Şiddet şiddeti körüklese de ve hiçbir sorunu çözmese de hata yapan birine zaman zaman kızgınlık anında “Sana temiz bir meydan dayağı çekerler inşallah” diye beddua ederiz. Ya da yapılması yasak olan bir şeyi yapmakta ısrar edenlere, “temiz bir meydan dayağı yersin” diye uyarırız.
Adı meydan dayağı olsa da aslında “ceza olarak açıkta ve kalabalık içinde suçlulara atılan dayak” olduğu için bu isimlendirme yapılmıştır.
Peki, meydan dayağı deyimi nereden geliyor?

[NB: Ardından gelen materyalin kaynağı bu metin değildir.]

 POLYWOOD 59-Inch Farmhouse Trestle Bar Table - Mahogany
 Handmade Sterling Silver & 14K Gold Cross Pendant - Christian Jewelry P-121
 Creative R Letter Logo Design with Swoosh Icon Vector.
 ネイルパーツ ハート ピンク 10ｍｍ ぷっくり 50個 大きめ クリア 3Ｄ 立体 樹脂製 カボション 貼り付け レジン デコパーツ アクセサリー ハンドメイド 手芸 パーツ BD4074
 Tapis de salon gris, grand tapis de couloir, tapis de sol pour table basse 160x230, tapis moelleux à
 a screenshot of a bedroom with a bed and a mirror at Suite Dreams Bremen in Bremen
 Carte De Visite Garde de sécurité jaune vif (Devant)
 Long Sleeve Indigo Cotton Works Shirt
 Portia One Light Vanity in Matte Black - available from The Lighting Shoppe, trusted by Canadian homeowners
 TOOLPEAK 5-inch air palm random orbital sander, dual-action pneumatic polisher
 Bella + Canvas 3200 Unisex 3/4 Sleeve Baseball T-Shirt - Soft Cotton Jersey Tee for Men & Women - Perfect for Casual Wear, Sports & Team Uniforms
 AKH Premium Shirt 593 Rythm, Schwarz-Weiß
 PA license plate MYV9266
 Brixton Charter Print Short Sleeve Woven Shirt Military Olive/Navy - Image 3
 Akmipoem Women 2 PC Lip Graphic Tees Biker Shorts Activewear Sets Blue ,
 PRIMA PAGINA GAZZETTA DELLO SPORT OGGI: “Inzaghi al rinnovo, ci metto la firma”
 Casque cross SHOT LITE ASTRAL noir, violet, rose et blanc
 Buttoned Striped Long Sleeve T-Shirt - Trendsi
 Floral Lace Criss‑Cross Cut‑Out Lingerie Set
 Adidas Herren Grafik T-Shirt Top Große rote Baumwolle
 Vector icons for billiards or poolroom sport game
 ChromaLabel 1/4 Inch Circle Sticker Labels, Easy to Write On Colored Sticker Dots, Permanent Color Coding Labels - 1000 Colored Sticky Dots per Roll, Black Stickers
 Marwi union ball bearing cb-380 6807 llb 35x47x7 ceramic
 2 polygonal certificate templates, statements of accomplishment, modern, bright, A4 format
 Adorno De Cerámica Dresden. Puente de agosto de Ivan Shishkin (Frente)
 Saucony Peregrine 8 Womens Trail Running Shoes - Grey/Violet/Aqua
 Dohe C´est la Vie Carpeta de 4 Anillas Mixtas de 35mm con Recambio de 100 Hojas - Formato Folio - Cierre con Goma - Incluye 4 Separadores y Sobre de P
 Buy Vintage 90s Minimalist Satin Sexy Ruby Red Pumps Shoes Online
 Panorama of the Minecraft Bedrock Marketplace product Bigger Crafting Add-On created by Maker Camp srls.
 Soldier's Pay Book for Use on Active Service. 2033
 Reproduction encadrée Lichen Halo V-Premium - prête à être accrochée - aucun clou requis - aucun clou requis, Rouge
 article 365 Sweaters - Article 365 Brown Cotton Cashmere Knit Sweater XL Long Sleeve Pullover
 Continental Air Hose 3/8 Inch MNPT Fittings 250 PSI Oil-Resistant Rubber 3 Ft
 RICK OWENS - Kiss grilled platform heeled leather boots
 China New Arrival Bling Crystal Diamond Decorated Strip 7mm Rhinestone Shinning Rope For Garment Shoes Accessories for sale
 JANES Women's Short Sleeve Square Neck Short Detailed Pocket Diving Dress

Bu sorumuzun yanıtını, Mehmet Zeki Pakalın’ın “Osmanlı Tarih Deyimleri ve Terimleri Sözlüğü”nden alalım:
“Askerî mekteplerle kışlalarda tatbik olunan cezalardan birinin adıdır. Meydanda tatbik edildiği (yerine getirildiği) için bu adı almıştı. Arkadaşını yaralamak, hoca veya zâbitine hakarette bulunmak gibi ağır kabahatlerden dolayı verilen bu dayak cezası saf saf dizilen bütün mektep talebesinin, asker ise kışladaki askerlerin huzurunda atılırdı. Cezaya çarpılacak mektepli yahut asker, meydana getirilerek cezayı icap ettiren kabahatle meydan dayağının tatbiki için verilen karar okunduktan sonra serilen bir battaniye üzerine yüzükoyun yatırılır, başının ucuna ve ayaklarının üstüne kuvvetli birer hademe yahut asker oturtulur, mektebin inzibat zâbiti, asker ise bölüğün zâbitlerinden biri ince kızılcık sopasıyla kaba etlerine vururdu.
Eski bir Redif Nizamnamesi’nde asker kaçakları için şöyle bir madde vardı.
‘Askerden kaçanlar kendiliklerinden dönüp gelirlerse yirmiden elliye kadar sopa vurulur. Bayılanlar ayılıncaya kadar beklenip dayağa ondan sonra devam olunur’.”